• _EXERCISE_:
Print the line that contains "Franke Coffee Systems, fully", then every line after it until the entries end, exactly as they read; do not include pictures.

• _Captioned web image data_:
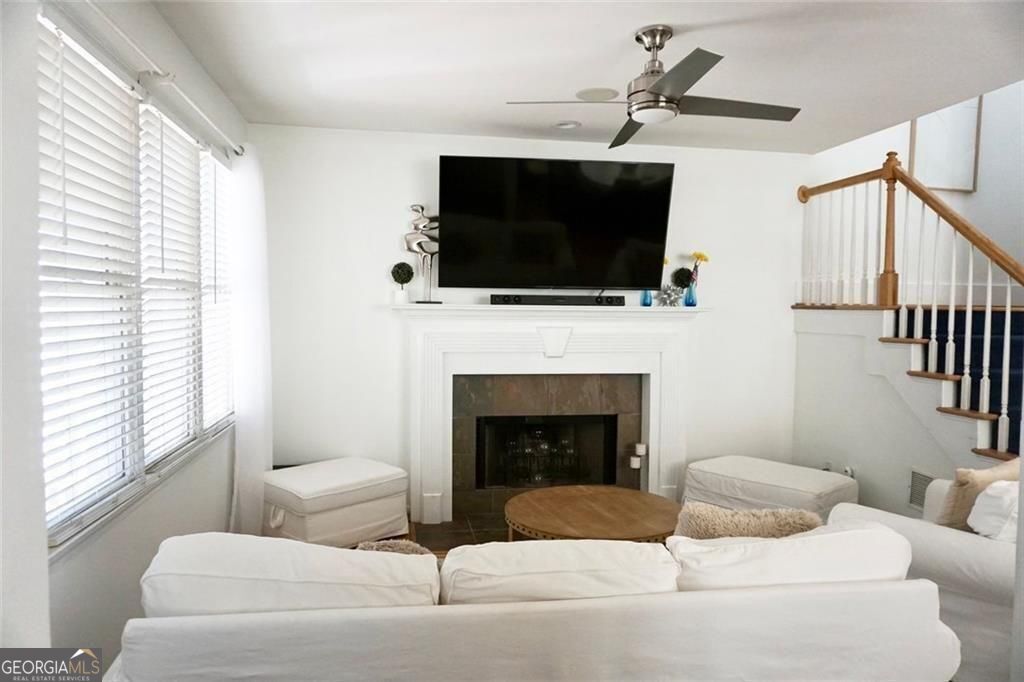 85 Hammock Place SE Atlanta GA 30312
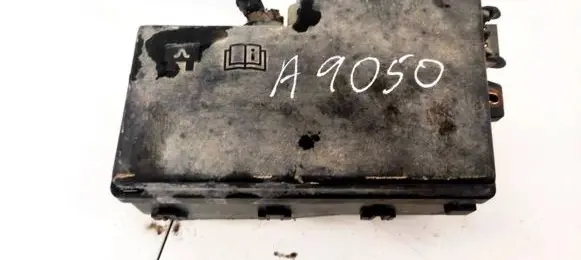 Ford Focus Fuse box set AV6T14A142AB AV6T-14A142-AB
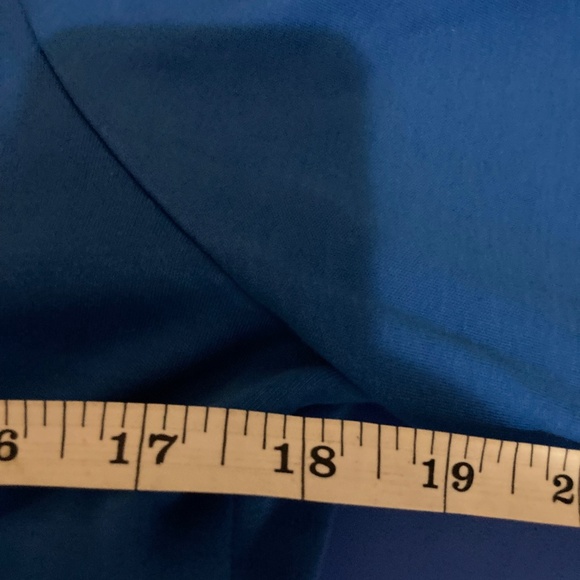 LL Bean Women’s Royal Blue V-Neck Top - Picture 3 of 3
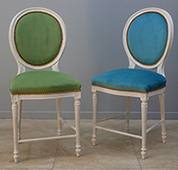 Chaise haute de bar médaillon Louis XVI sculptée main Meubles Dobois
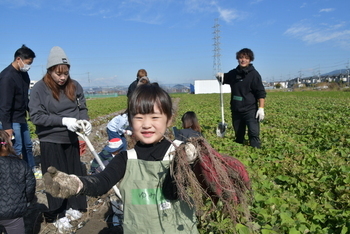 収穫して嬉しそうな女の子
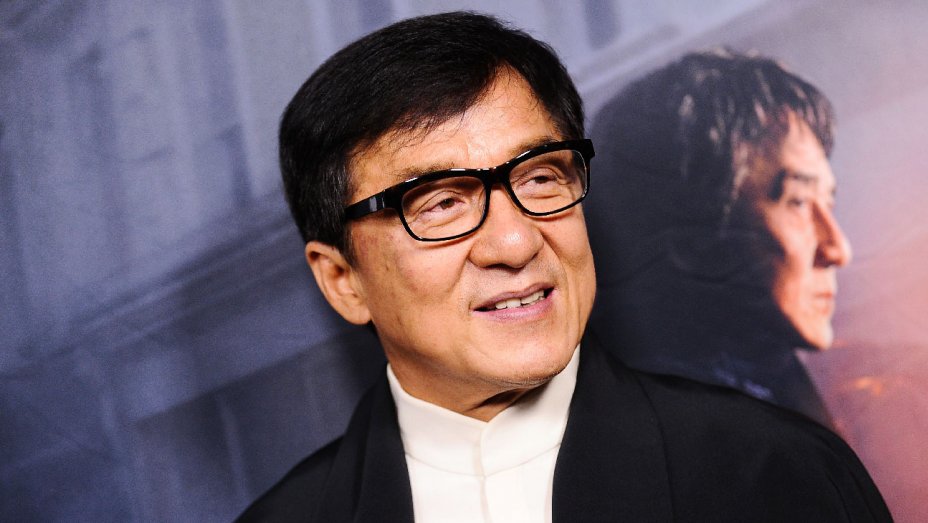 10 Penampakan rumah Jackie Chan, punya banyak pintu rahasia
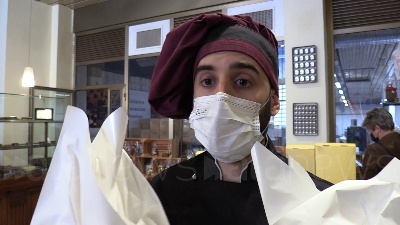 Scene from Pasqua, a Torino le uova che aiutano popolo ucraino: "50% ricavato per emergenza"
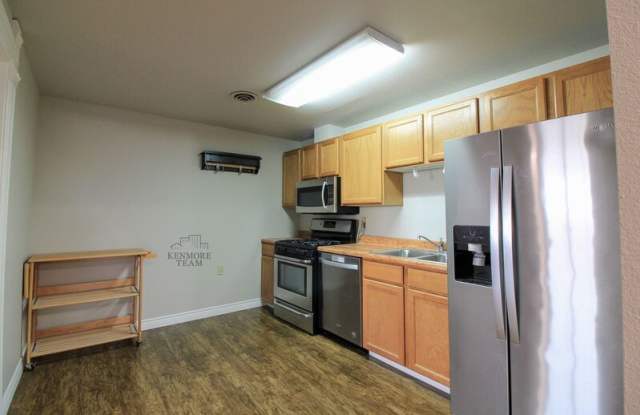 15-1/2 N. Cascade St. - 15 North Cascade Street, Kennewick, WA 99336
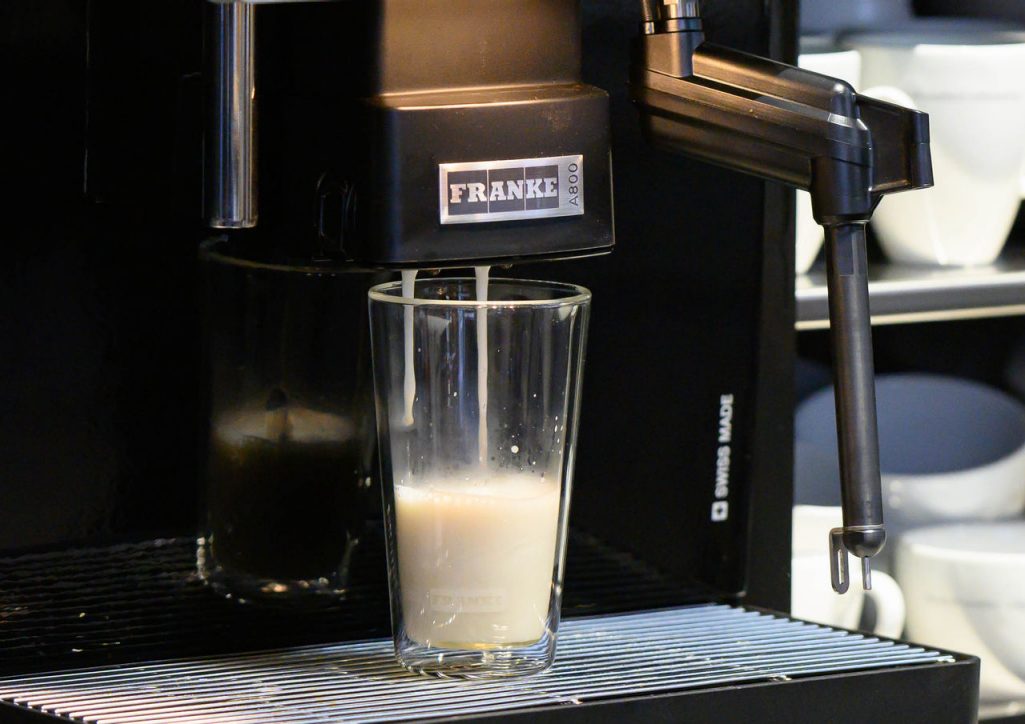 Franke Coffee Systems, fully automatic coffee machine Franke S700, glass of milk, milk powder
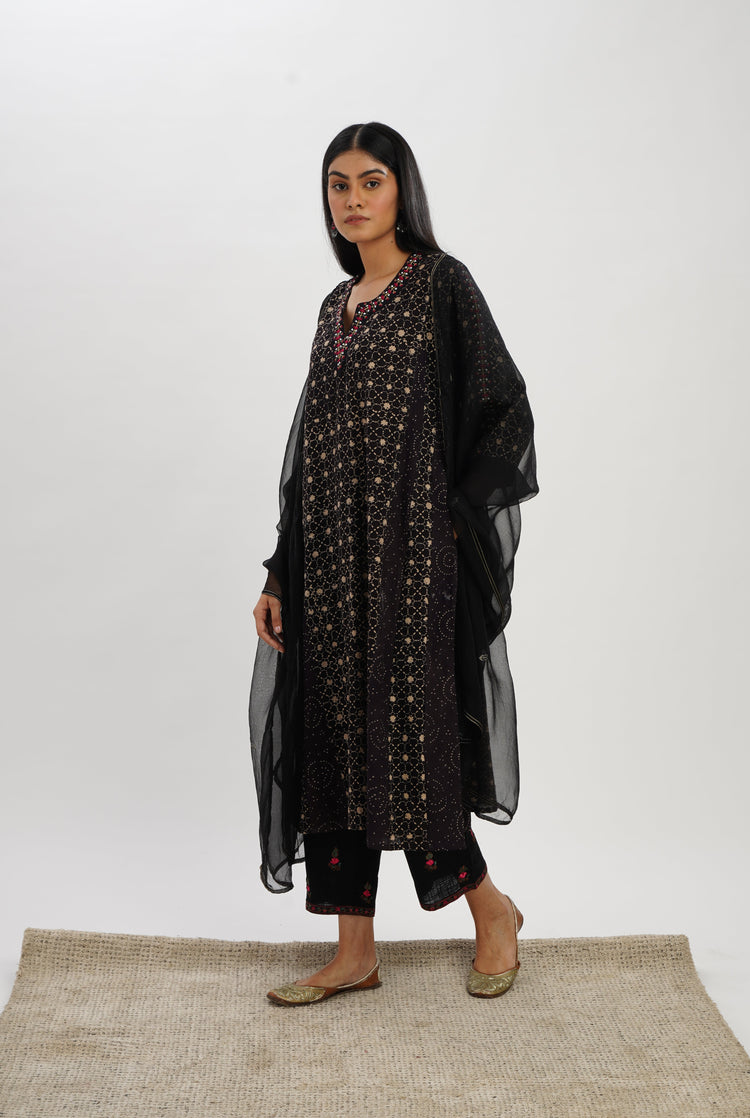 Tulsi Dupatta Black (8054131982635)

• _WRITTEN SOLUTION_:
 Franke Coffee Systems, fully automatic coffee machine Franke S700, glass of milk, milk powder
 Tulsi Dupatta Black (8054131982635)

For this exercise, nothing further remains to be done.